In chapter 9 the author argues that although more expenditures for education and welfare would have reduced investment, there “probably” would have been a net gain to economic development, and he bases his stand in part on the history of savings propensities in Mexico. If this is not entirely convincing, at least it is founded on some sort of data rather than on hope and divination. Singer is moderately convinced in this connection—as in others—that the policies he advocates would have improved the good growth record of Mexico. He does state many caveats, understands the difficulties of being sure of such suggestions, and—no doubt unintentionally—succeeds in convincing this reviewer that Mexico’s políticos did about all that could have been expected of them in estimating investors’ reactions.
Chapter 10, on “Political Democracy and Economic Development,” scarcely deals with either political concepts or Mexico’s political experience. It fails to integrate politico-social matters into the economic development themes and data of the study. Singer finds the political system ‘highly adequate for the tasks of economic development,” and repudiates Raymond Vernon’s notion that power in Mexico is too diffused to permit effective development action by government. Chapter 11, entitled “Conclusion: Income Distribution and Demand in Economic Development,” finally returns to the issues of chapter 1 on “the” (Singer’s caveat) relationship between growth and equality. He notes that definitions of equality and inequality present difficulties. Not surprisingly, he finds that the economic history of many countries shows rising inequalities as economic development becomes rapid— i.e., development requires income distribution in favor of the rising upper middle income class. But inequality, he points out, conflicts with values attaching to reduction of discrimination and increases in social mobility; thus, problems arise in deciding schedules for income inequality. He suggests that possibly Mexico has had too much inequality in income distribution, although he admits that “the precise nature of the limitation on growing inequality is arbitrary, and . . . involves value judgments;” still, “limits need to be placed upon the price paid by the low income groups for the advance of the entire economy.”
Singer points to values in inflation in the Mexican experience, as well as in monopoly in helping to reduce risk and uncertainty.
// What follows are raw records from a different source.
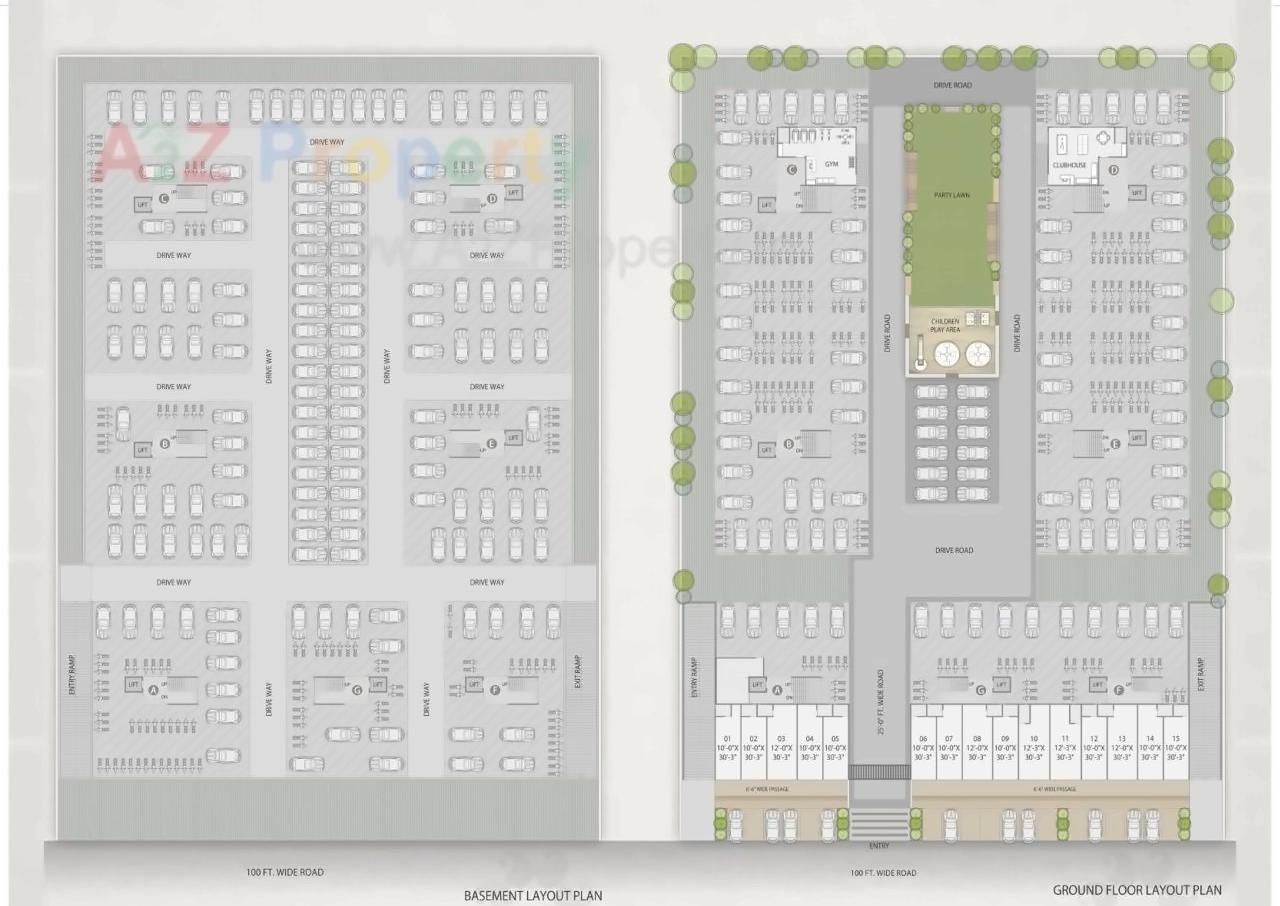 Layout of real estate project Shayona Shikhar located at Gota, Ahmedabad, Gujarat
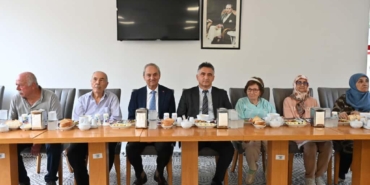 Kaymakam Dervişoğlu ve Başkan Kocagöz, Şefkat ve Huzurevi’ni ziyaret etti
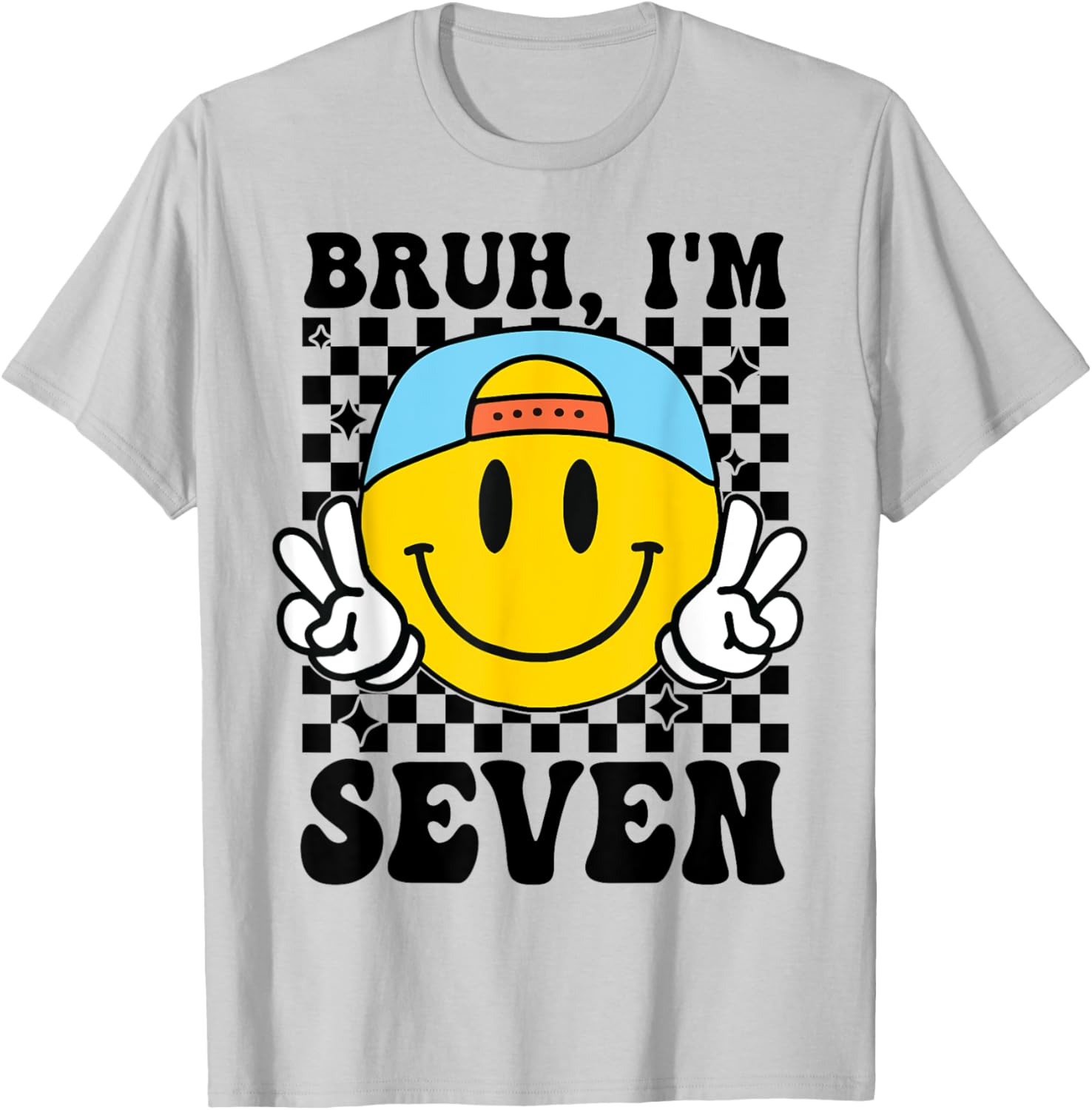 Groovy 7th Birthday T-Shirt for Boys and Girls - Fun Party Gift - 8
He asserts that reduction of inequities in income distribution can be furthered more by expansion of highly productive industries than through wage increases as such. Finally, he develops a series of mathematical formulae for the elucidation of his theses. The formulae try, among other things, to indicate relationships between economic tensions and possible political unrest. The author is too sophisticated to suppose that the suggested manipulation of available data soon will revolutionize governmental decision-making.